Statistics from Government of Pakistan show that on May 18th – the day the Supreme Court gave their judgment – there was an increase of 1,841 new coronavirus cases in Pakistan. On June 6th this figure was 4,960. This mounting surge in daily cases is undoubtedly a direct consequence of easing lockdown measures. This reinforces that the CJP completely misjudged the severity of the disease, by substituting his judgment for that of health experts. Which is not the role of judges as US Chief Justice Roberts correctly remarked in his judgment.
The fact that the disease has not even peaked in Pakistan certainly means that the devastation is yet to unfold. Alongside the federal government, the Supreme Court has perpetrated lifting the lockdown prematurely.
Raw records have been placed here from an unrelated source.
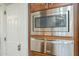 Kitchen features stainless steel microwave and oven built into the custom cabinetry at 7471 E Northern Ave, Scottsdale, AZ 85258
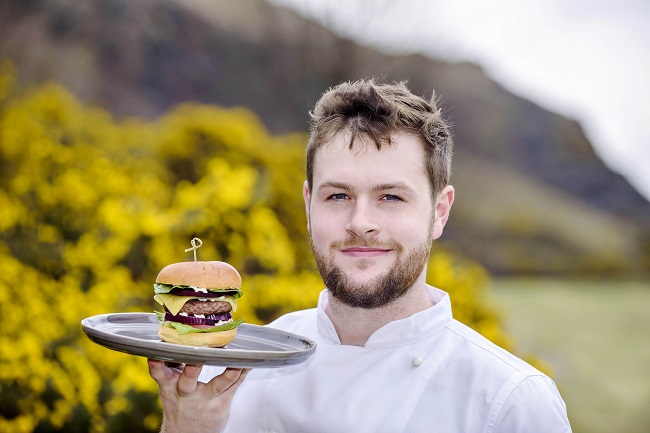 Chef Ambassador Fraser Cameron holding the Galloway Gourmet Burger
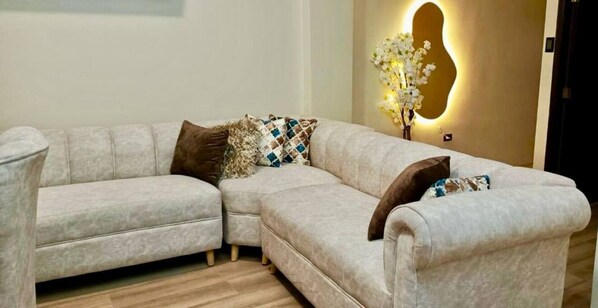 A L-shaped sectional sofa with patterned cushions, a wall-mounted light fixture, and a wooden floor. - CABALLITO DE MAR (Puerto Baquerizo Moreno)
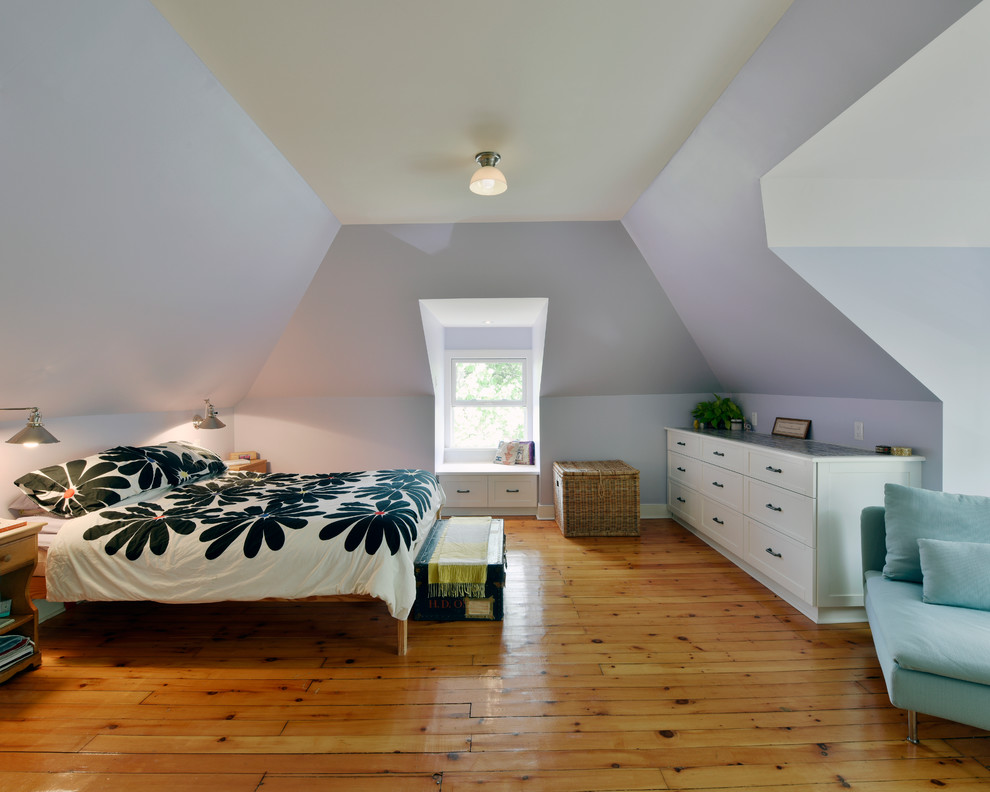 This is an example of a master bedroom in Ottawa with purple walls and light hardwood floors.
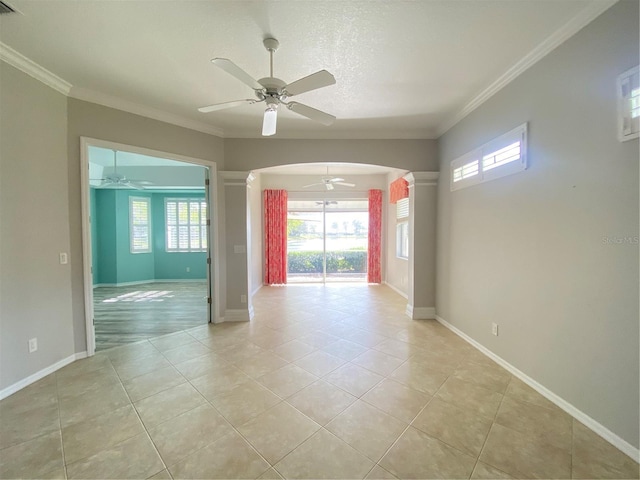 unfurnished room with ceiling fan, a wealth of natural light, ornamental molding, and light tile patterned flooring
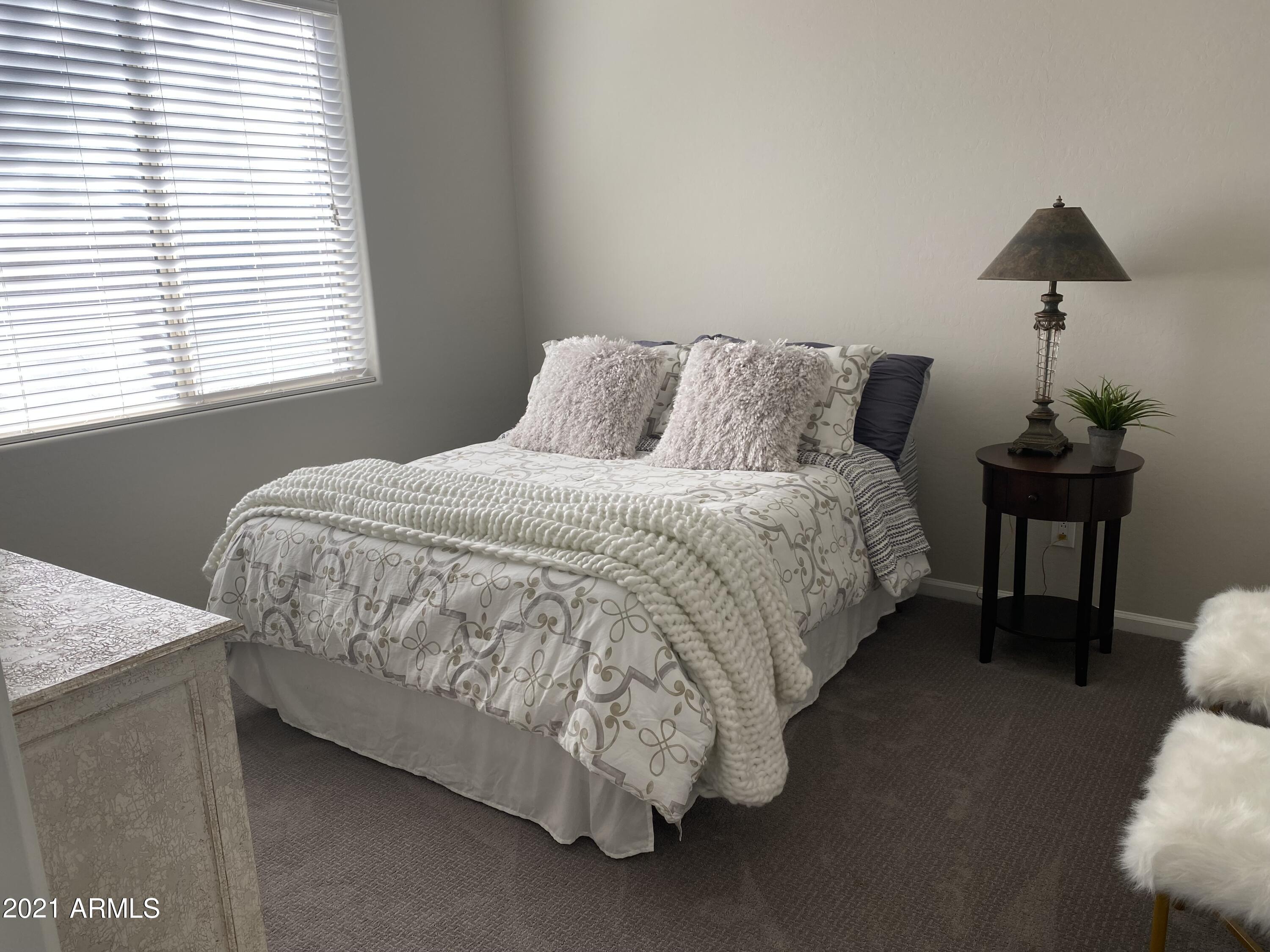 16715 North 108th Way Scottsdale, AZ 85255 - Photo 53 of 104 a bed sitting in a bedroom next to a window with a lamp on table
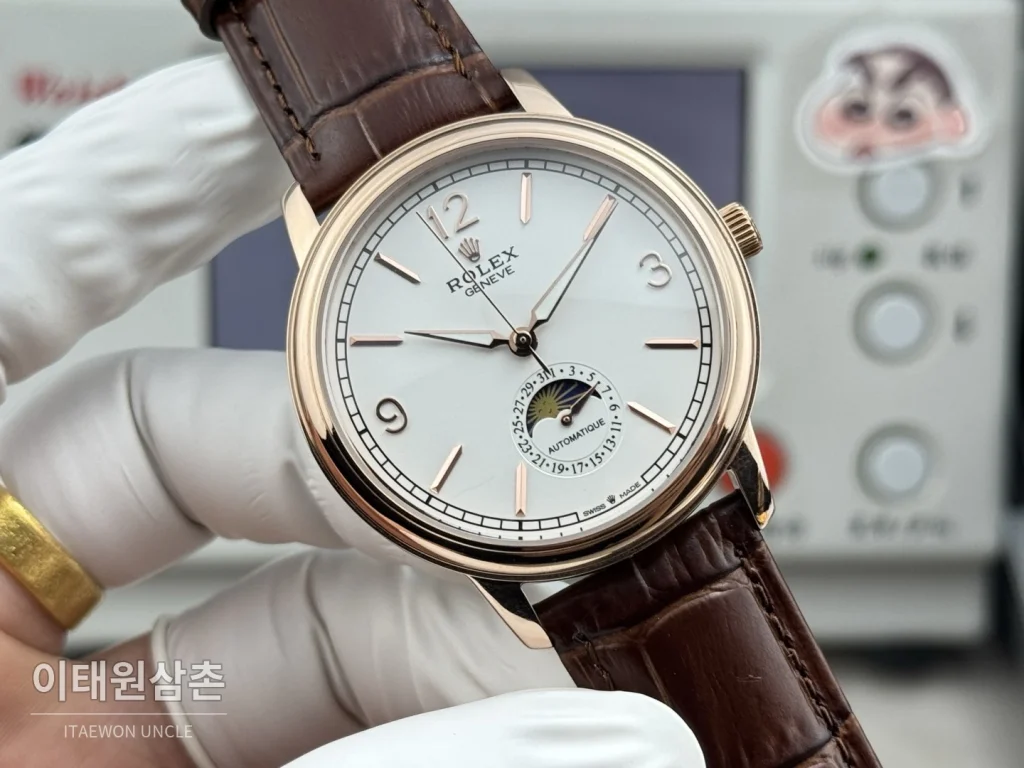 롤렉스 셀리니 문페이즈 블루에나멜 오토매틱 40mm 화이트 다이얼 브라운 가죽 스트랩 로즈골드 베젤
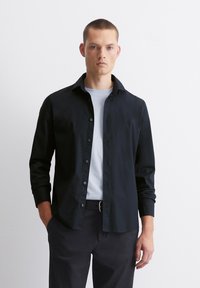 Zwarte button-up shirt met een spread collar, lange mouwen en een gladde textuur, gedragen over een lichtblauwe crewneck t-shirt.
But whilst the federal government can be held accountable at the next general election for this blunder, the apex court cannot.
This is not the first time the judiciary has overstepped its constitutional boundary in Pakistan. Former chief justice Saqib Nisar also acted in a way that transcended judicial authority when he directed the federal government to create a crowdfunding account to aid the construction of dams in Pakistan. CJP Ahmed by initiating proceedings on a matter which does not concern the Supreme Court has followed in his predecessor’s footsteps. In fact, CJP Ahmed has gone a step further by questioning the government’s allocation of public resources to combat the pandemic. Another matter which only elected Governments are constitutionally qualified to decide.
We see an unconstitutional trend being set by the very institution which exists as the guardian of the constitution. Any public must not tolerate a judiciary making decisions for which they cannot be held accountable for. Instead of making chief justices household names in the country, Pakistan’s citizenry must condemn politically activist endeavours of its judiciary. Only then can the integrity of the judiciary be maintained, and the rule of law restored.
And as for the benches of Pakistan’s judiciary, they should carefully read the US Supreme Court’s judgment, so they are reminded of their fundamental duty. That is to respect and adhere to the doctrine of separation of powers when applying the law.